Home Page: https://docs.google.com/document/d/1JsVFL44qAQoDbLO2NOSjiuXVBEDEELg-9uv4PNACDLc/edit#

Python 100.00%

person-re-identification's Introduction

Introduction

This is a project for detecting and tracking people in a video and making a list of all unique people that have appeared in the video. If a person appears for some frames and then leaves the video for some time and then reappears later, the model should recognize it's the same person and not count this person for a second time. I have implemented 2 approaches: Tracking and Re-identification.

Additional documentation

Approach 1: Re-identification

This is the code baseline.py. I have combined the model described in the paper An Improved Deep Learning Architecture for Person Re-Identification with the Tensorflow object detection API to perform person re-identification in videos.

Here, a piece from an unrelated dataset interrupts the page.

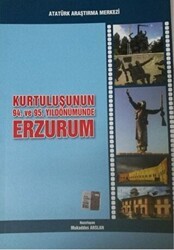Kurtuluşunun 94. ve 95. Yıldönümünde Erzurum - Atatürk Araştırma Merkezi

The model proposed in the paper uses a CNN to perform person re-identification in static images. Given 2 images, the model predicts whether they are of the same person or not. I have used the Tensorflow object detection API to adapt this model for videos. My code processes each frame independently. It runs the Tensorflow object detector on each frame and obtains the bounding boxes for people in that frame. Using the obtained bounding boxes, the people are cropped out and sent to the person re-identification model. The people in the current frame are compared pairwise with all the previously detected unique people. This determines whether the person was previously detected or not. If the person is not matched with any of the previous people, then he/she is added to the list as a new unique person. His/her image is also added to the database of previously detected people so people in the future frames can be compared with this person.

The person re-id model is in run.py. This model is used by the main code in baseline.py for each pair of images.

Approach 2: Tracking

This is the code human_detect_track.py

I implemented a tracking mechanism using intersection-over-union. Previously, the model would iterate over every frame. In each frame, the object detection module would return bounding boxes for the people. And each detected person in each frame was compared with all the previously detected people. This led to a large number of comparisons.

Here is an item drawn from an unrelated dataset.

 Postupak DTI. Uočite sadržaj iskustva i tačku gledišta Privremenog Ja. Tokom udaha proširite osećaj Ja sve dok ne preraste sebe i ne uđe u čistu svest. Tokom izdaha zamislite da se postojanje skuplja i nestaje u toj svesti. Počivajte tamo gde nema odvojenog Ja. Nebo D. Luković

In this version, the model iterates over all frames and in each frame it obtains the person bounding boxes. The model stores a list of bounding box positions from the previous k(=5 to 10) frames. It matches the bounding boxes from the current frame to the previous frame boxes that are very close in position. In other words, if the current bounding box is very close to a bounding box from the k previous frames- that means that it’s the same person who has just slightly moved between frames.

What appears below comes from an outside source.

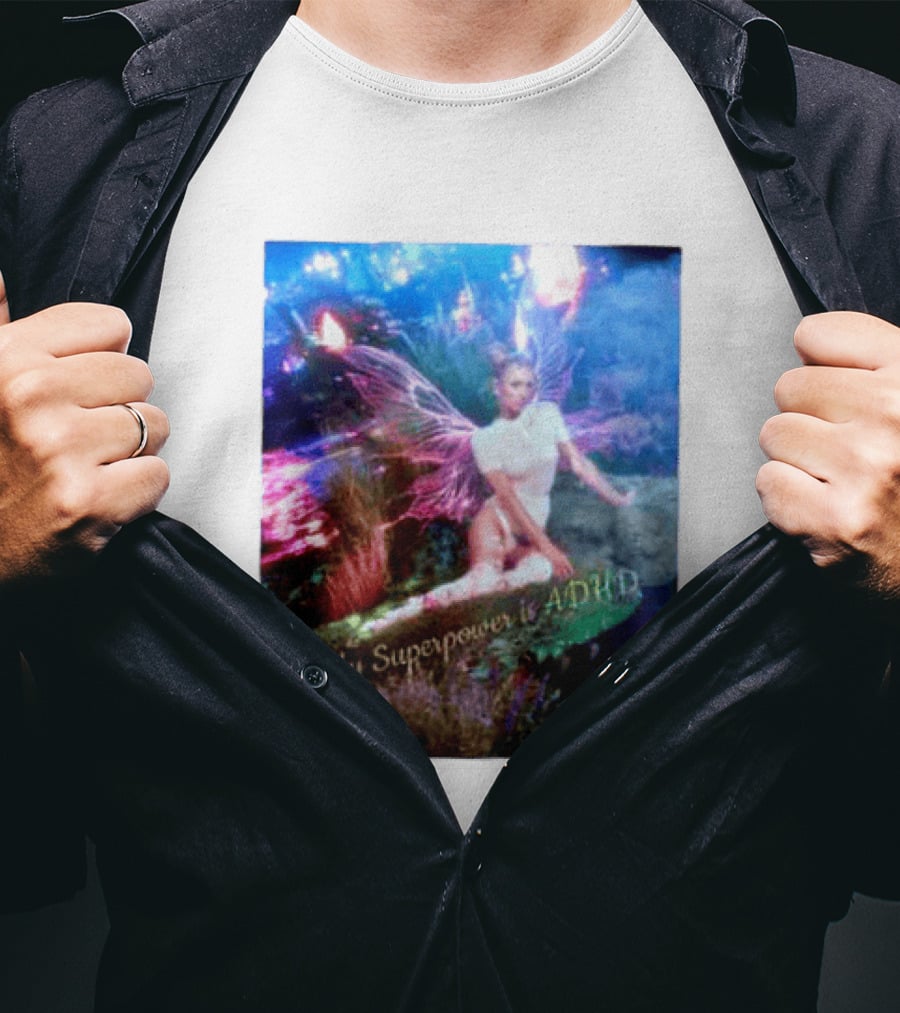 Paris Hilton My Superpower Is ADHD Fairy Meadow T-Shirt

To determine that 2 bounding boxes from consecutive frames are very close, it uses intersection-over-union.

IOU between 2 boxes = Area of the intersection of boxes / Area of the union of boxes

IOU is a measure of the overlap between 2 boxes. If the boxes overlap a lot, IOU is close to 1. If the 2 boxes don't overlap at all, IOU is 0.

So, for each bounding box from the current frame, the model tries to find a bounding box from the k previous frames which greatly overlaps with it (IOU > 0.9). If such a box is found, the model assigns the previous box’s person to the new bounding box. In this way, people are identified without actually running the neural network on them. If a bounding box is not able to match with any previous box, it means that this person just entered the frame and was not there in the previous frame.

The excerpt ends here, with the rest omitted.